Federal court rules on state elections laws

By Benjamin Yount

Center Square News Service

CHICAGO - Election Day in November will look a little different in Wisconsin because of a ruling by a federal appeals court on Monday, June 29..

The Seventh Circuit Court of Appeals late Monday issued a ruling in a years-old challenge to Wisconsin's 2016 election reform law. The court sided with the Republicans who wrote the law.

The surprising decision changes the time frame for early voting, reaffirms citizenship rules for Wisconsin voters, and makes clear how ballots can be sent to voters.

The most significant part of the court's ruling limits the amount of time that Wisconsin election clerks can offer early voting.

The 2016 law includes a two-week window for early voting. Opponents of the law said that limited their access to the ballot. The court disagreed.

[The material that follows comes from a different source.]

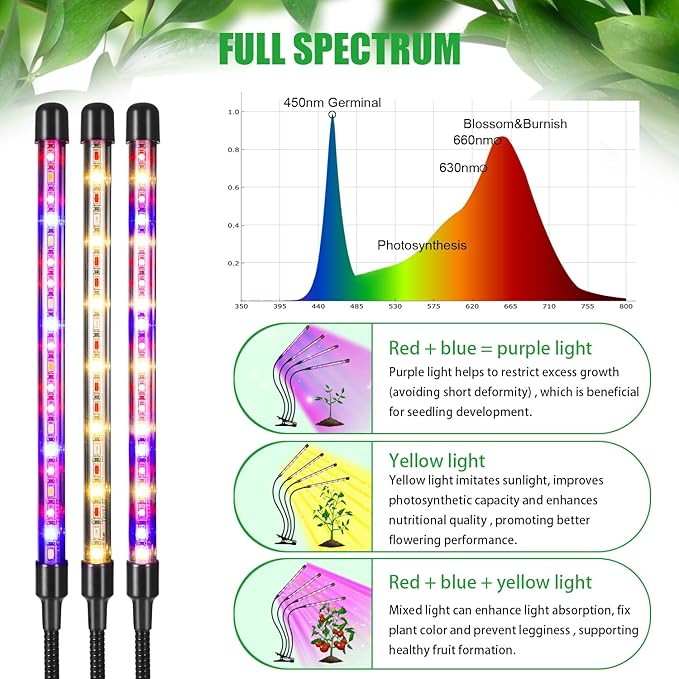 4 Head LED Plant Grow Light Full Spectrum Clip on Plant Growing Light with Red Blue Yellow Beads 10 Brightness Levels 3 Light Modes 3/9/12H Auto TimerSuitable for Indoor Plants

"We do not see a substantive problem with days and hours limitations," the court wrote. "They leave all voters with equal opportunities to participate. Early voting is not a fundamental right in itself; it is but one aspect of a state’s election system. As we have stressed, Wisconsin’s system as a whole is accommodating. So long as a state treats all voters equally, §2 does not limit the state’s control of details such as hours for early voting."

Up until now, clerks and Madison and Milwaukee allowed for weeks of early voting while clerks in other counties did not.

The appeals court also determined people need to live in Wisconsin before they can vote in Wisconsin.

"Wisconsin’s 28-day window is close to the national norm and less than the 30-day window that is subject to a safe harbor for federal elections. It is less than the 50-day window that the Supreme Court held to be constitutional," the ruling states. "Plaintiffs have not identified any feature of Wisconsin’s law that makes a 28-day window more onerous."

The court also upheld Wisconsin's Voter ID law.

"Proof of residence helps assign voters to their proper districts and is valid for that reason alone," the judges added.

The Appeals Court also ruled on how Wisconsin can send ballots to voters. Voters will no longer be able to get a ballot via email or fax.

"As we have emphasized, all parts of the electoral code must be considered, and travelers have many ways to vote in Wisconsin. Some travelers’ potential inconvenience does not permit a court to override the state’s judgment that other interests predominate" the judge wrote.

"Wisconsin wants to control errors arising from the fact that faxed or emailed ballots cannot be counted by machine and to protect the secrecy of the ballot."

The court explained further: "Wisconsin has lots of rules that make voting easier. It extends the privilege of voting by absentee ballot to otherwise qualified electors who, for any reason, are unable or unwilling to appear at the polls," the ruling states.

The one victory that liberal groups in Wisconsin celebrate is the continued use of student IDs and voter IDs, even if those IDs have expired.

"A student ID card, alone among the sorts of photo ID that Wisconsin accepts, is not suffcient for voting unless the student also shows proof of current enrollment. No other category of acceptable identification – including for drivers, military members, passport holders, or veterans – depends on ongoing affliation of any sort" the ruling reads.

"The statute sets students apart in this respect, and the state has not tried to justify this distinction. We take the omission as a concession that it lacks a rational basis."

The ruling on early voting, absentee ballots, and voter ID could become more contentious as Election Day approaches.

Wisconsin is pushing for a massive early and absentee voting turnout this November.